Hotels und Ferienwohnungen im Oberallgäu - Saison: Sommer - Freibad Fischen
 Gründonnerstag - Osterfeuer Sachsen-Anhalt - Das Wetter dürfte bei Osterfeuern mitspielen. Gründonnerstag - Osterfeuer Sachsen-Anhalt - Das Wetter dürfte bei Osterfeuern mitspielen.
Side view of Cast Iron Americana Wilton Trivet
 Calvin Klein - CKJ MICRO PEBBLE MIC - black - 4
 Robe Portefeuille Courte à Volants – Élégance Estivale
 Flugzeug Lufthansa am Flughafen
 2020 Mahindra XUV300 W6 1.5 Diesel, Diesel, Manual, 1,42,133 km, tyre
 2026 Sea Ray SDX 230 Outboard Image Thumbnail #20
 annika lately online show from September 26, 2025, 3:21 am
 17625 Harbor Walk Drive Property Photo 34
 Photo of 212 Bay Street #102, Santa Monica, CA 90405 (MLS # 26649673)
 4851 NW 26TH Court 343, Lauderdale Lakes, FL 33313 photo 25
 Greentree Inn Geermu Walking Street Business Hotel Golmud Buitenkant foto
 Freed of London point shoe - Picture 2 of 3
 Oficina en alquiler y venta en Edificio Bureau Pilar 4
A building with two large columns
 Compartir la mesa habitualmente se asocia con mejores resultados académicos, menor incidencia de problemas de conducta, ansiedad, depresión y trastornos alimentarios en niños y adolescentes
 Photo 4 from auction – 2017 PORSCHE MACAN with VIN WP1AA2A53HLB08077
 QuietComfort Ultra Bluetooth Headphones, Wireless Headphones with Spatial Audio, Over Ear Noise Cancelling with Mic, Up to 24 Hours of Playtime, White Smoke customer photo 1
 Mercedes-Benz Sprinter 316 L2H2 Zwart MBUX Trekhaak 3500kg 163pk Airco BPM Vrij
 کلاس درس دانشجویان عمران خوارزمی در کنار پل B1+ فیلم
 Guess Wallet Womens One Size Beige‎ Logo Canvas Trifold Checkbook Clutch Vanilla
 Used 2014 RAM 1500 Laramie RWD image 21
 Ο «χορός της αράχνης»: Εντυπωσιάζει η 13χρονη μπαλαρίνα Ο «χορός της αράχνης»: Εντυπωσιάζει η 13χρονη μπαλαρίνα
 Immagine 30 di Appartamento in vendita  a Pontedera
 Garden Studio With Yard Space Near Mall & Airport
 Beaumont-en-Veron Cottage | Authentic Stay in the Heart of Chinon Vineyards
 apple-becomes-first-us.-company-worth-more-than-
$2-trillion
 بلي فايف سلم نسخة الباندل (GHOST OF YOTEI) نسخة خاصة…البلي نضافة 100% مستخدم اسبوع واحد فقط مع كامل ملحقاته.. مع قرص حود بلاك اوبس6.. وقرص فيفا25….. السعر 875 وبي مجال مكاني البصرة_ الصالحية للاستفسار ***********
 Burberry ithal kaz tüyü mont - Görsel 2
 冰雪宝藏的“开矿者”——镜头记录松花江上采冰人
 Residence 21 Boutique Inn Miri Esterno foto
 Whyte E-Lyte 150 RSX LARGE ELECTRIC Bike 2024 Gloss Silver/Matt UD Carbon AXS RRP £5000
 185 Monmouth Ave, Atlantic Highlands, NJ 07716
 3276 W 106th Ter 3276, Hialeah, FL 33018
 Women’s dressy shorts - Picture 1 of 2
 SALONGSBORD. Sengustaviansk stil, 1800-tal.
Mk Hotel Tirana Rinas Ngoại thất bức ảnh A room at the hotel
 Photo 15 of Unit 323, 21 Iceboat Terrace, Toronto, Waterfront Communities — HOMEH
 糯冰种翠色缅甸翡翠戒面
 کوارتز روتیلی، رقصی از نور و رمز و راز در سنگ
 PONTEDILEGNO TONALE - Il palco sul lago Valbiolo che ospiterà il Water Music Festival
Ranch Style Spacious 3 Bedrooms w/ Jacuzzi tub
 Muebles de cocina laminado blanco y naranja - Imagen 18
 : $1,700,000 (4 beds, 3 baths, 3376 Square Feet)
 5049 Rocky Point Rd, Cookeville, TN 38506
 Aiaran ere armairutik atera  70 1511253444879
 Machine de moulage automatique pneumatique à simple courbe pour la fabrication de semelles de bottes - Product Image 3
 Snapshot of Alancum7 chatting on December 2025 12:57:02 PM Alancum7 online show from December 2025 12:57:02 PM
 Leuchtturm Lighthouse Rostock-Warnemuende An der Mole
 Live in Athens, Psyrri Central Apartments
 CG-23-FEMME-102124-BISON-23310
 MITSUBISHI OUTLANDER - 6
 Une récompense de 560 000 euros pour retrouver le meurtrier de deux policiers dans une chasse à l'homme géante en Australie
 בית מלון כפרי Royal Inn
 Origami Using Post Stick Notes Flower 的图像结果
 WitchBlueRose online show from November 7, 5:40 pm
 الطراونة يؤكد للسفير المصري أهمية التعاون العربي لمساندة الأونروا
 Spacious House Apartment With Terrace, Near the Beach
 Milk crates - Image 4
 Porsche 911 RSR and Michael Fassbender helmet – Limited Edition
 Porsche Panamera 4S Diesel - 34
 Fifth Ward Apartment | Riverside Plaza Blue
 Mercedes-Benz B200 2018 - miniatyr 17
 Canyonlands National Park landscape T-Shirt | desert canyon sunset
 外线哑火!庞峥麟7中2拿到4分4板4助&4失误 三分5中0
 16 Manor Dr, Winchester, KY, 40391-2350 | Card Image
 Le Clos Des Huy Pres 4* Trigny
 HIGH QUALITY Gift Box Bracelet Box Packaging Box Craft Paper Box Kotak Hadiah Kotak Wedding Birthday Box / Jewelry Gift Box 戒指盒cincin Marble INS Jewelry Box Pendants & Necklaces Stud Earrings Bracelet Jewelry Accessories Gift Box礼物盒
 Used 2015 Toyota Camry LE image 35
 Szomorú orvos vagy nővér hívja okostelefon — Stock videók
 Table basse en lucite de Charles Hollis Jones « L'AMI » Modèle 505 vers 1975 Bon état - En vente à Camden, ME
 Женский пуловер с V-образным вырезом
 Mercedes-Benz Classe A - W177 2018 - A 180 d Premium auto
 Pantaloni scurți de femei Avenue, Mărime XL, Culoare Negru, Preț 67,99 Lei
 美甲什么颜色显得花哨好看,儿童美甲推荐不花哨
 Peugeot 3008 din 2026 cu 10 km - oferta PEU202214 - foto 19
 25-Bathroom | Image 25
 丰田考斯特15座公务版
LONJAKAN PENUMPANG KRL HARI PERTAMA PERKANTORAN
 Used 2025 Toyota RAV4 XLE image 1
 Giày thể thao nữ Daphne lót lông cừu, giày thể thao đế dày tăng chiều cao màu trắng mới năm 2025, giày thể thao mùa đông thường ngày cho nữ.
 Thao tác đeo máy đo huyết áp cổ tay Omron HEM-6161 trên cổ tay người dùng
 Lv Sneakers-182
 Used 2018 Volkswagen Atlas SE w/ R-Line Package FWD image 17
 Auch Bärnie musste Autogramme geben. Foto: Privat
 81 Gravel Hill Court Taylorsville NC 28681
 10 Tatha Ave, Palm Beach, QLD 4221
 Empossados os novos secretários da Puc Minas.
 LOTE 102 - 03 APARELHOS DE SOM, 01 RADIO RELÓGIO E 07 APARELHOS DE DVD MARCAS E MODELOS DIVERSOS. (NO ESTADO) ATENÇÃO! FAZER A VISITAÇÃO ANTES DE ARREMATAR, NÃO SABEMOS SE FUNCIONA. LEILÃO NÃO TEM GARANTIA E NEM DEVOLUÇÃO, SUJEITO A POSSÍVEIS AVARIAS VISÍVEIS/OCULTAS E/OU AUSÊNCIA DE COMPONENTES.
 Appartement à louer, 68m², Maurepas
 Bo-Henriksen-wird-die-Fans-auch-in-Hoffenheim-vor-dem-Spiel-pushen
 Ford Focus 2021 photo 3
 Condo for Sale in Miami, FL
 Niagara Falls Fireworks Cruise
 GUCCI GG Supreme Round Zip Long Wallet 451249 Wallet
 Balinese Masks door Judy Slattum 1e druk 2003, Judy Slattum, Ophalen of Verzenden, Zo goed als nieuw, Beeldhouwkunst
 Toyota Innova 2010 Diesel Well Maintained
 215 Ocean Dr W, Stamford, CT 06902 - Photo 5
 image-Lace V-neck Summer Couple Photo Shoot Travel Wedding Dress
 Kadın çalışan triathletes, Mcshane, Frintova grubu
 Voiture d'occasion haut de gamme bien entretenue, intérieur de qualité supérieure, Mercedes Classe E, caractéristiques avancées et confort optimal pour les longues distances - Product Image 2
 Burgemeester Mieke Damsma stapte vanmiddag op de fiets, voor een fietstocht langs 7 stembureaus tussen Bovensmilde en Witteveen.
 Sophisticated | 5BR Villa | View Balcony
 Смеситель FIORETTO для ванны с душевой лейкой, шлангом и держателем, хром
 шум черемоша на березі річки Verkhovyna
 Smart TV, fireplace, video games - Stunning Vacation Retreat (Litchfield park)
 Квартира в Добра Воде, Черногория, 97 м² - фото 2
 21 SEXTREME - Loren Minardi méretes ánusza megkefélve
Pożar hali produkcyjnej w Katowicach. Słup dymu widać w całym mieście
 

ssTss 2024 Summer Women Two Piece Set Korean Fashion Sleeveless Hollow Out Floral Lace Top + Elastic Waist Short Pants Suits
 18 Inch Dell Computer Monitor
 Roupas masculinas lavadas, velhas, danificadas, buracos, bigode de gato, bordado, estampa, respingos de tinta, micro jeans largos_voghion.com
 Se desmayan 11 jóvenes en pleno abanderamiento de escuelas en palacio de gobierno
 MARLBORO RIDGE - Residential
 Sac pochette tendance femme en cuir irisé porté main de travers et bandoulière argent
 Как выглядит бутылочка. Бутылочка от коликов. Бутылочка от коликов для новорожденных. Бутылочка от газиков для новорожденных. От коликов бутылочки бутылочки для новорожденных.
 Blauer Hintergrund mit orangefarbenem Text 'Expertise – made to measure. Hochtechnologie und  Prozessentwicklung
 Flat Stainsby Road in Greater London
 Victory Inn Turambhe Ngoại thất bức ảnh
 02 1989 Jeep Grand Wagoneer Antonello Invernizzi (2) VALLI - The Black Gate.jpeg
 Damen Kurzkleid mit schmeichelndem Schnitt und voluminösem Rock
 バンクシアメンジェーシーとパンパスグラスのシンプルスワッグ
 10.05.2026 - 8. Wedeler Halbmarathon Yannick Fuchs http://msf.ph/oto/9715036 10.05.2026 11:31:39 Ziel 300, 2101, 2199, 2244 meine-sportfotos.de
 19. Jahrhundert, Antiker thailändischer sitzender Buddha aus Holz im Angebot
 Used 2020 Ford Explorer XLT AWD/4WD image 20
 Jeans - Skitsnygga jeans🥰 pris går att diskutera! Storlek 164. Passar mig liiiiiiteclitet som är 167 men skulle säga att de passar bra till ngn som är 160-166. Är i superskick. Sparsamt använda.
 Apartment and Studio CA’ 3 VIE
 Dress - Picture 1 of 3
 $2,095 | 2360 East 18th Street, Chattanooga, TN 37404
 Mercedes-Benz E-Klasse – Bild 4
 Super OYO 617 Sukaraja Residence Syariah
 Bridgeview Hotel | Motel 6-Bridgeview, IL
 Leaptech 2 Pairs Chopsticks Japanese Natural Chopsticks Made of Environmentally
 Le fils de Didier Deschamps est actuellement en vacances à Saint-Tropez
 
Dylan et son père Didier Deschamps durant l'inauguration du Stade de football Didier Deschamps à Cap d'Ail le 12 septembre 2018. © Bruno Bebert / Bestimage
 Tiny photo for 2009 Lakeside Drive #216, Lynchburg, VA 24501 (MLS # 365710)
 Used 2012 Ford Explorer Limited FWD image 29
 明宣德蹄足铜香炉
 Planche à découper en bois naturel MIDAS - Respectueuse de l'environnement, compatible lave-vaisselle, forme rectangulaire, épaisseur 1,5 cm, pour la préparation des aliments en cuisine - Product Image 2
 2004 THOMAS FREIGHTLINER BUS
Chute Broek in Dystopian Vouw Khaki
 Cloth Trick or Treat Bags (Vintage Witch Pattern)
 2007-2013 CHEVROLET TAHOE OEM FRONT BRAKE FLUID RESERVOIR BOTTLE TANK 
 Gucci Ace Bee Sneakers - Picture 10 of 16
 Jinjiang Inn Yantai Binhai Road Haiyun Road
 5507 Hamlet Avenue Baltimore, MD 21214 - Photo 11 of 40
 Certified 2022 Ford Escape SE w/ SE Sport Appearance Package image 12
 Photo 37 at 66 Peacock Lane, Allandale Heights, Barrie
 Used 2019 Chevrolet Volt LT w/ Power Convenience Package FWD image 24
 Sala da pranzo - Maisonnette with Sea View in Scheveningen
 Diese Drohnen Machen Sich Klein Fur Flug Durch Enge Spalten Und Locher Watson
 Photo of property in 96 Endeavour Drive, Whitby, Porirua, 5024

■ WORK INSTRUCTIONS
Reproduce exactly, and only, the part of the listing above that begins at the line with "کلاس درس دانشجویان" and goes on through the line with "SALONGSBORD. Sengustaviansk stil, 1800-tal.".

■ THE ANSWER
 کلاس درس دانشجویان عمران خوارزمی در کنار پل B1+ فیلم
 Guess Wallet Womens One Size Beige‎ Logo Canvas Trifold Checkbook Clutch Vanilla
 Used 2014 RAM 1500 Laramie RWD image 21
 Ο «χορός της αράχνης»: Εντυπωσιάζει η 13χρονη μπαλαρίνα Ο «χορός της αράχνης»: Εντυπωσιάζει η 13χρονη μπαλαρίνα
 Immagine 30 di Appartamento in vendita  a Pontedera
 Garden Studio With Yard Space Near Mall & Airport
 Beaumont-en-Veron Cottage | Authentic Stay in the Heart of Chinon Vineyards
 apple-becomes-first-us.-company-worth-more-than-
$2-trillion
 بلي فايف سلم نسخة الباندل (GHOST OF YOTEI) نسخة خاصة…البلي نضافة 100% مستخدم اسبوع واحد فقط مع كامل ملحقاته.. مع قرص حود بلاك اوبس6.. وقرص فيفا25….. السعر 875 وبي مجال مكاني البصرة_ الصالحية للاستفسار ***********
 Burberry ithal kaz tüyü mont - Görsel 2
 冰雪宝藏的“开矿者”——镜头记录松花江上采冰人
 Residence 21 Boutique Inn Miri Esterno foto
 Whyte E-Lyte 150 RSX LARGE ELECTRIC Bike 2024 Gloss Silver/Matt UD Carbon AXS RRP £5000
 185 Monmouth Ave, Atlantic Highlands, NJ 07716
 3276 W 106th Ter 3276, Hialeah, FL 33018
 Women’s dressy shorts - Picture 1 of 2
 SALONGSBORD. Sengustaviansk stil, 1800-tal.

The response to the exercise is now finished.